• What is being asked: Give back exactly the lines from the one that holds "セブン銀行 中央自動車道 談合坂サービスエリア 上り 共同出張所の地図画像" through the final line of the data; omit the pictures and add nothing.

┌─ Source material

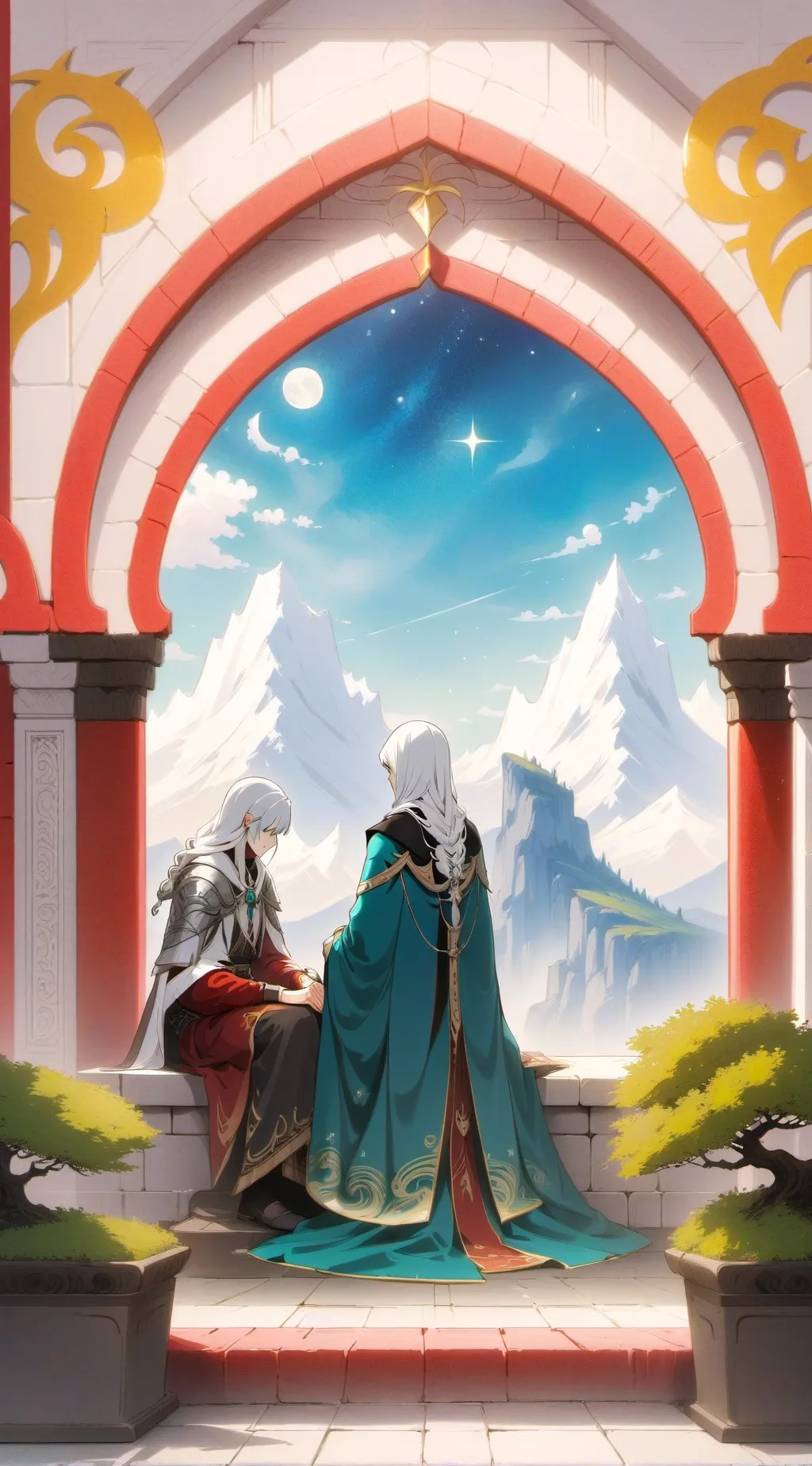 ai character: annie background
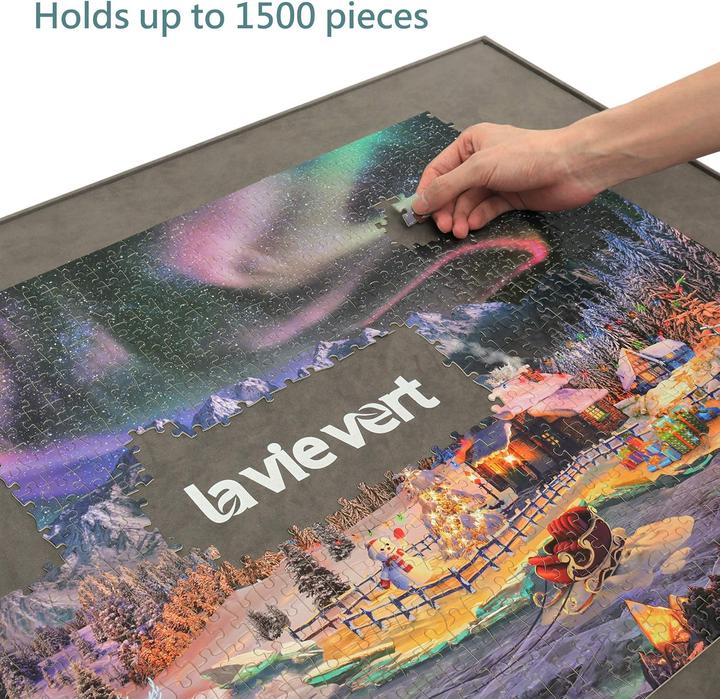 Immagine prodotto Lavievert Puzzlebrett für bis zu 1500 Teile (1500 pezzi)
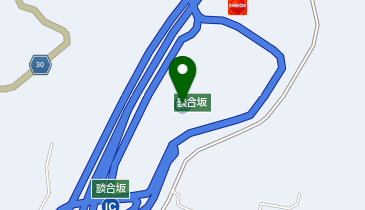 セブン銀行 中央自動車道 談合坂サービスエリア 上り 共同出張所の地図画像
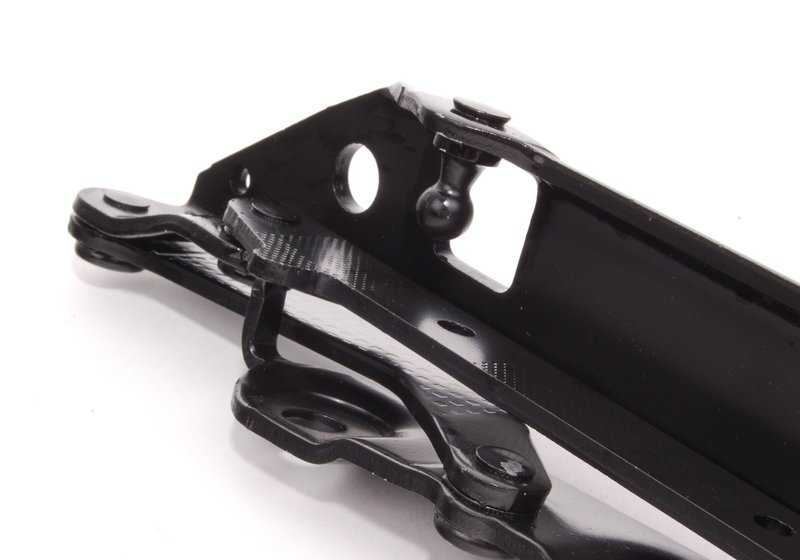 Bisagra portón trasero derecha para BMW E36 (OEM 41628119164). Original BMW.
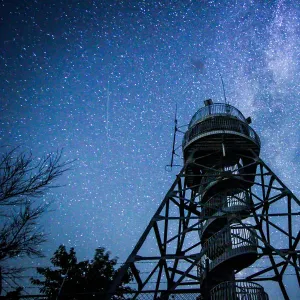 Perseid meteor shower 2013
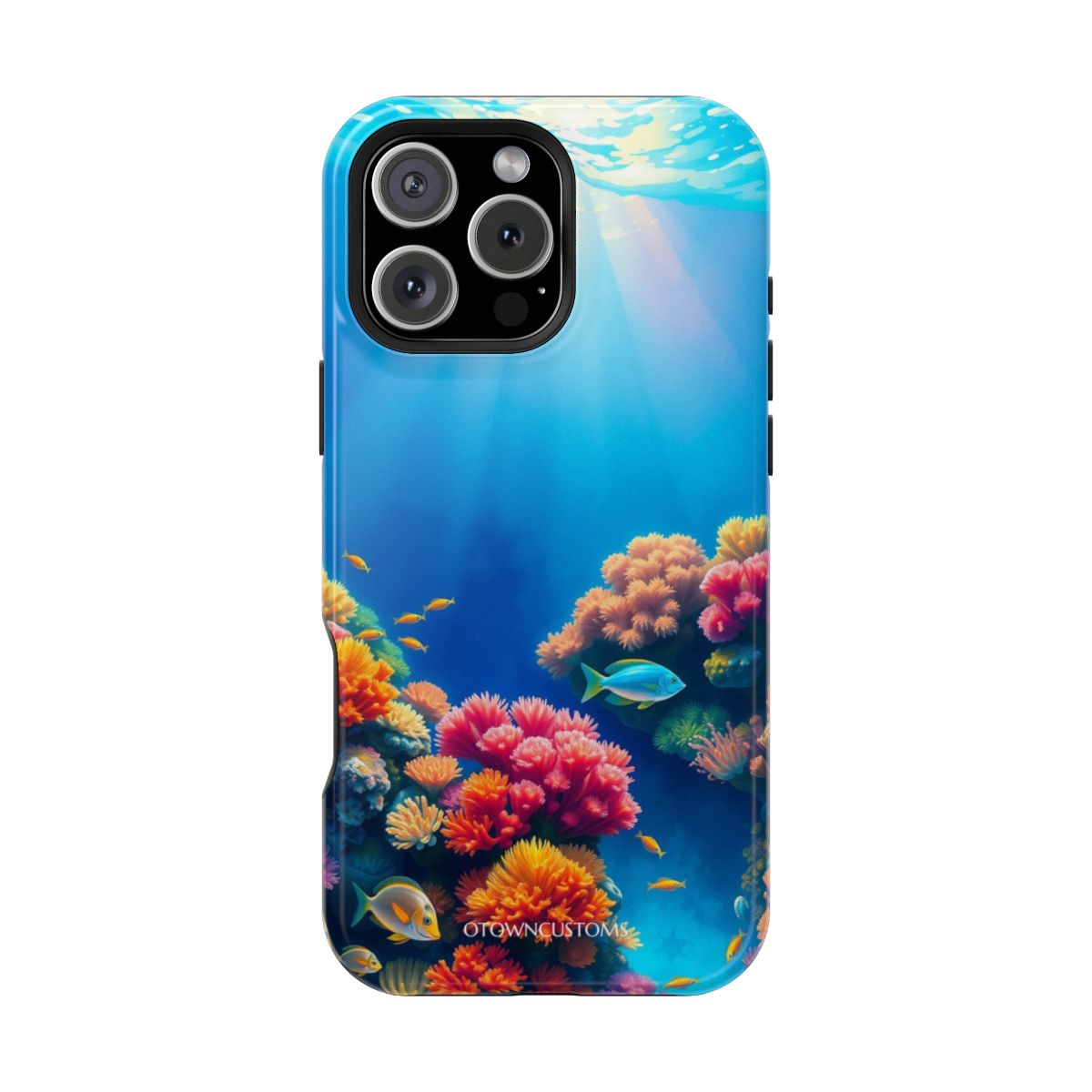 Underwater Coral Reef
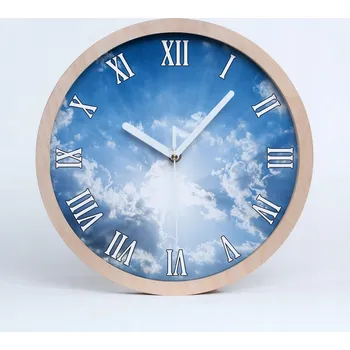 Hodiny Nástěnné hodiny Tulup vícebarevné 30 cm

└─

• Response to the exercise:
 セブン銀行 中央自動車道 談合坂サービスエリア 上り 共同出張所の地図画像
 Bisagra portón trasero derecha para BMW E36 (OEM 41628119164). Original BMW.
 Perseid meteor shower 2013
 Underwater Coral Reef
 Hodiny Nástěnné hodiny Tulup vícebarevné 30 cm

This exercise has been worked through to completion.